Ao encontro da verdadeira liberdade
A população do Trentino acreditava que a verdadeira liberdade encontrava-se na América. “Libertè, égalitè, fraternite, vocês a cavalo e nós a pé”, parodiavam os camponeses as palavras da Revolução Francesa. Os discursos da época eram encarados como ideologias “dos ricos”. A unificação italiana e as revoluções liberais não ecoavam no ouvido dos camponeses. A preocupação maior era com a situação no campo, pois era do campo que dependia a sobrevivência. A população do Trentino estava à frente de dois caminhos. Um era aceitar a urbanização e a conseqüente transformação em força de trabalho, e outro a modernização da própria atividade. A última opção era praticamente impossível para a maioria. A primeira, era submeter-se aos patrões, algo terrível para os trentinos, já que enxergavam nos nobres a razão da própria desgraça. A solução era emigrar.
Os primeiros passos na construção da cidade
Imigrantes cruzaram o Atlântico para fundar uma “Nova Trento”
Motivados pela esperança de encontrar na América um lugar onde as condições de vida fossem mais dignas, milhares de imigrantes deixaram o norte italiano a partir de 1875. Muito deles, na maioria trentinos, tiveram como destino final a então Colônia Itajaí Príncipe D. Pedro.
Naquela época, a região da atual Nova Trento era apenas um vale com grandes montanhas. Únicos habitantes, índios Xokleng, também chamados botocudus, além de pássaros, onças, cotias, cobras e tantos outros animais.

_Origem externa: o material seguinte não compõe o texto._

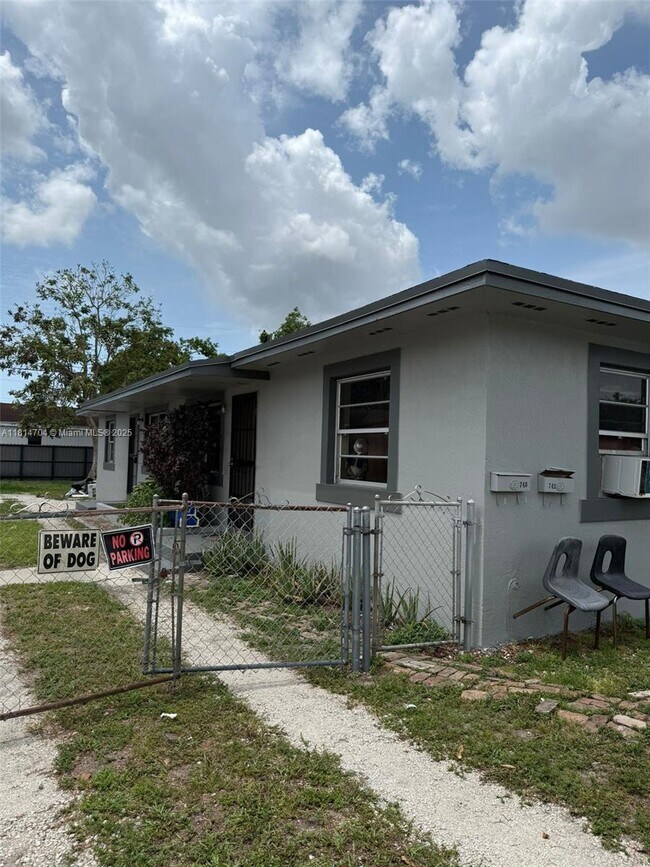 Building Photo - 740 NW 100th St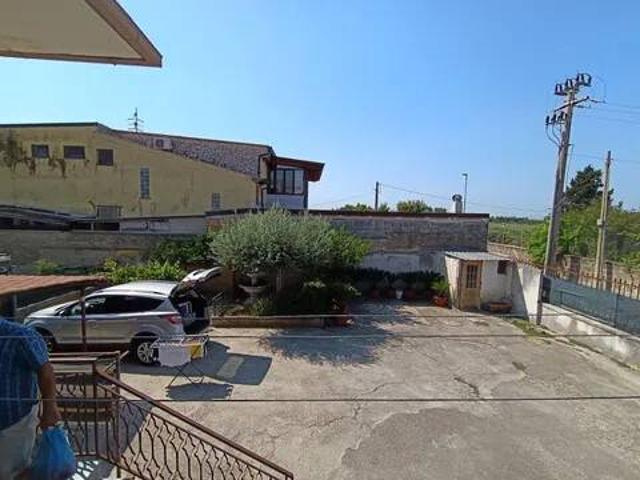 Villa in vendita a Grazzanise CE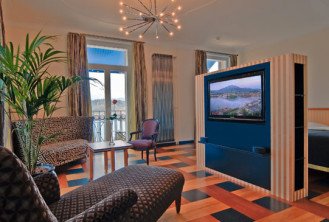 Art Deco Hotel Montana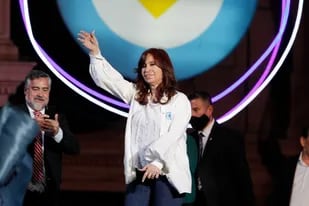 Cristina Kirchner al cierre del acto por el Día de la Democracia en la Plaza de Mayo. Fue el 10 de diciembre pasado, la última vez que pisó la Casa Rosada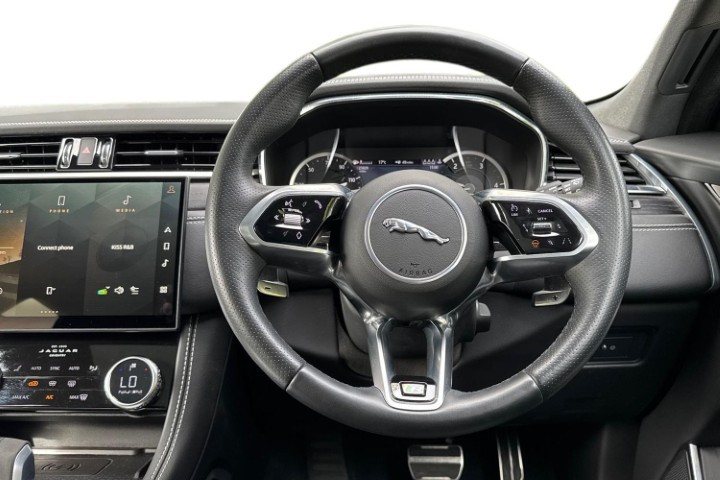 2023 (23) JAGUAR F-PACE 2.0 D200 R-Dynamic Black 5dr Auto AWD 5778527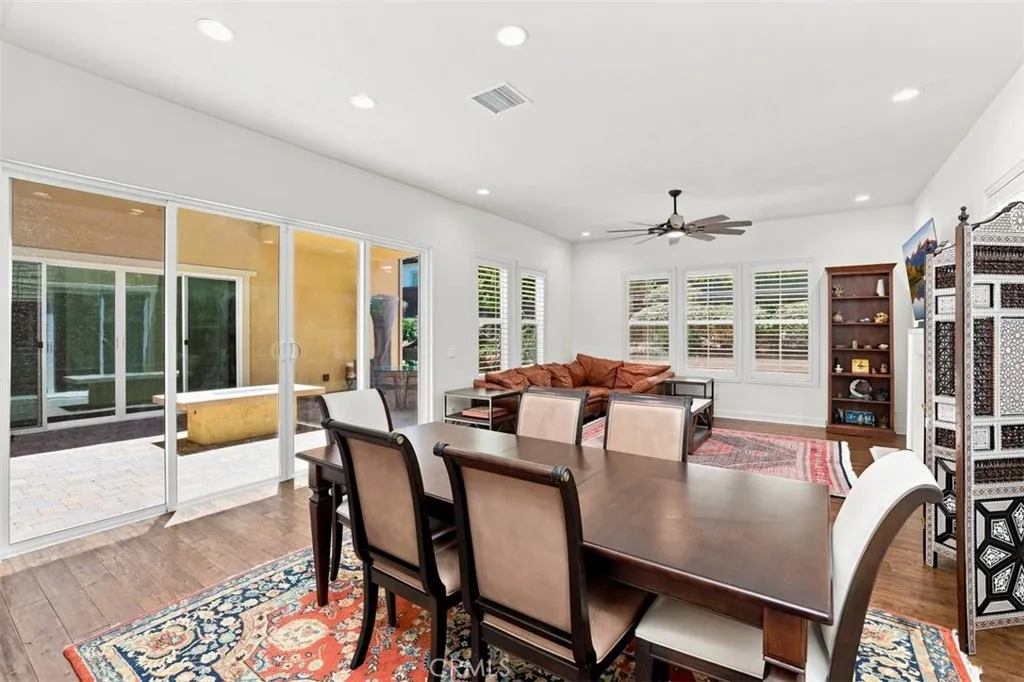 https://cdn.realtyfeed.com/cdn/127/306760453/1cea3b23b8a124a959216c346a3d6371.webp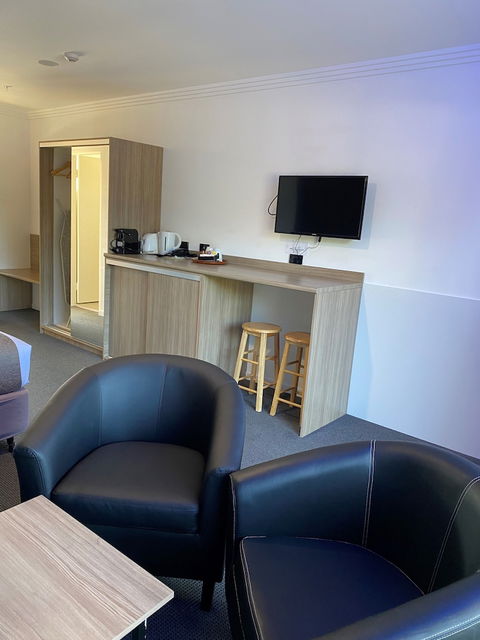 Huskisson Beach Motel - Darwin Holiday 1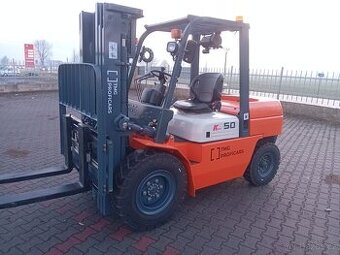 Vysokozdvižný vozík 5T, triplex 4,5m, DIESEL, 2023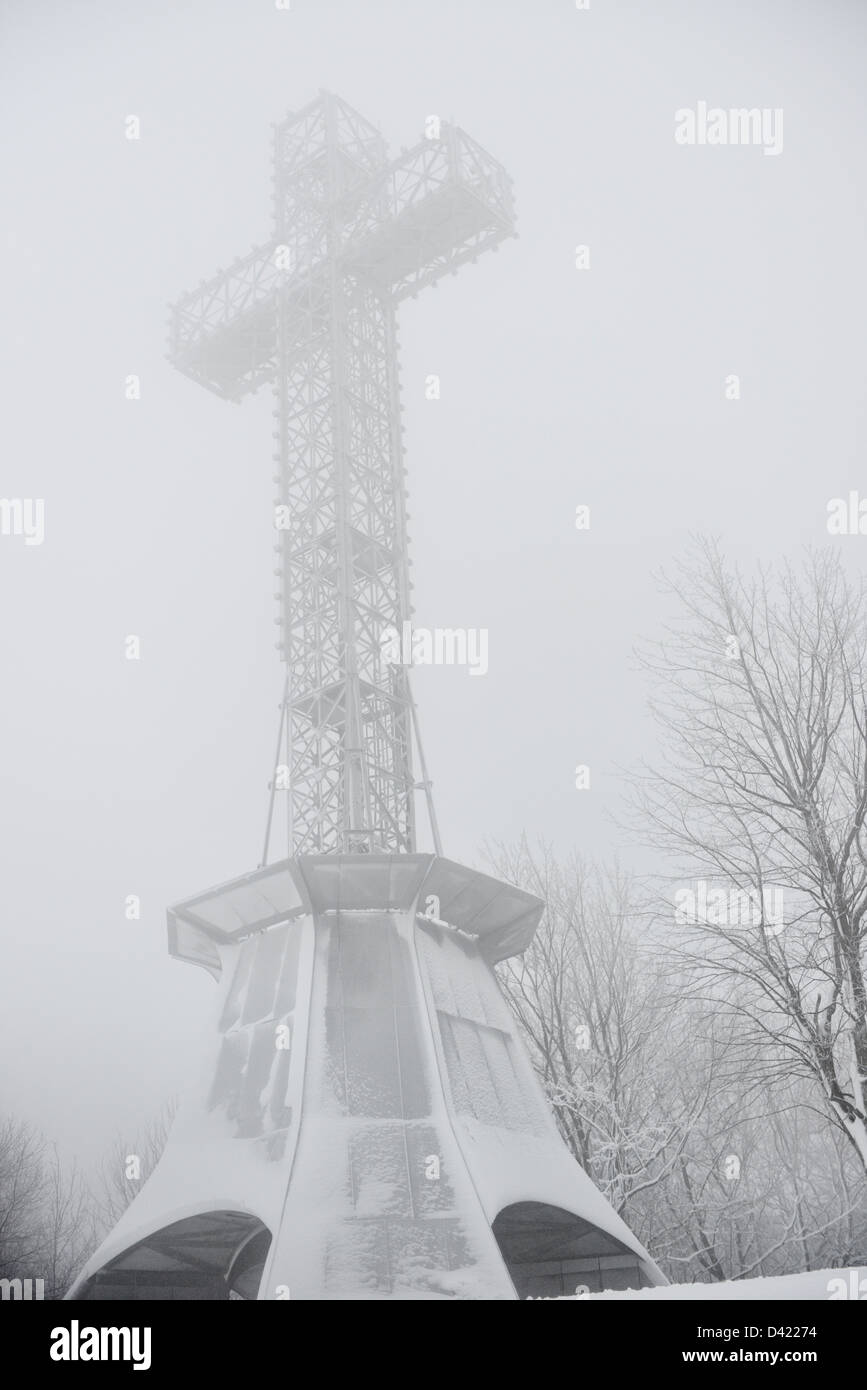 Mont Royal Cross / Croix du Mont royal in the mist and fog in Snow ...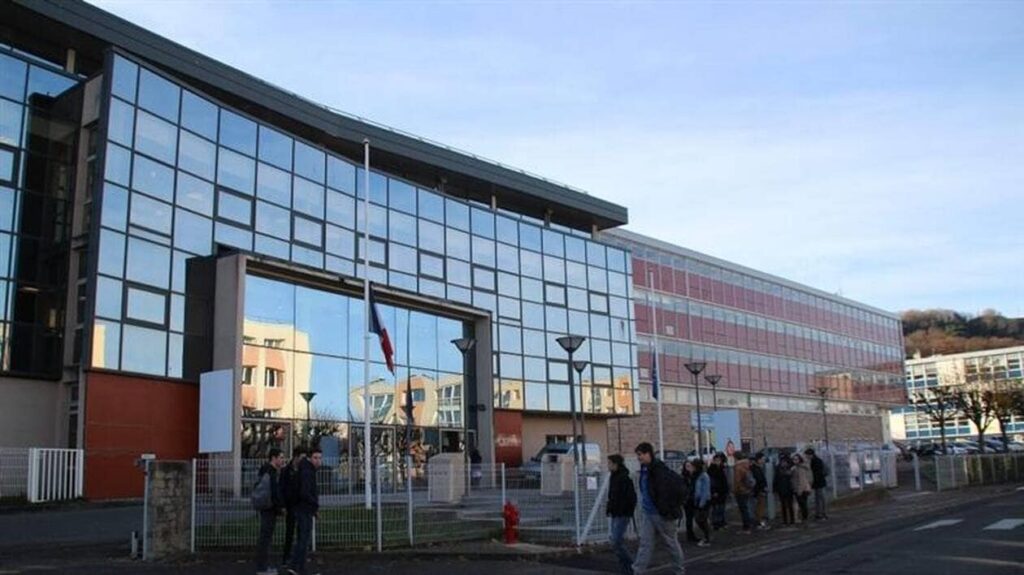 Lycée Alexis de Tocqueville : lycée public à Cherbourg-en-Cotentin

Mais tarde, o lugar passou a chamar-se Alferes. Três anos depois, o distrito colonial passou a se denominar Nova Trento. Os imigrantes precisaram aprender a crescer num ambiente desconhecido. Os chefes de família adentraram na floresta e construíram as primeiras choupanas. Adaptando-se ao meio hostil, os imigrantes começaram a erigir pequenas capelinhas, chamadas de capitéis, para abrigar os santos que trouxeram. Era a forma inicial de tentar reconstruir a sociedade em que viviam e representava o nascimento de um catolicismo popular. Além dos Trentinos, é preciso lembrar que imigrantes poloneses, alemães e portugueses também cooperaram significativamente para o desenvolvimento de Nova Trento.E assim a cidade foi crescendo, criando uma história impossível de ser traduzida em meras linhas, história que possui em seu âmago aquele ardente desejo de felicidade e esperança trazido no coração de cada imigrante.